I am currently doing 100+ pushups every day. should i be pushing myself harder on some days and then breaking for a few days?

As for diet, i have been drinking lots of milk obviosly and trying to take in atleast 3 eggs a day. Any tips on some meals would be great. I am the tall and thin if that helps. 6'3 and 185lbs. 

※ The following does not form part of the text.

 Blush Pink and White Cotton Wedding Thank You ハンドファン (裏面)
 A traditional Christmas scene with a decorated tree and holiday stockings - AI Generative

thanks in advance :cheers:


----------



## darmil (15 Mar 2006)

If you go push-ups everyday and don't rest thats the problem.Push-ups work the Pectoralis major,Deltoideus anterior part and Triceps brachii.They are the push muscles, just like in weight training you have to rest the body parts you exercise. Give atleast a days rest, you will see progress.A good book is Strength Training Anatomy (its a illistrated guide to muscles at work) and heres a good site on strength training.http://www.labrada.com/


----------



## DiamondDarryl (15 Mar 2006)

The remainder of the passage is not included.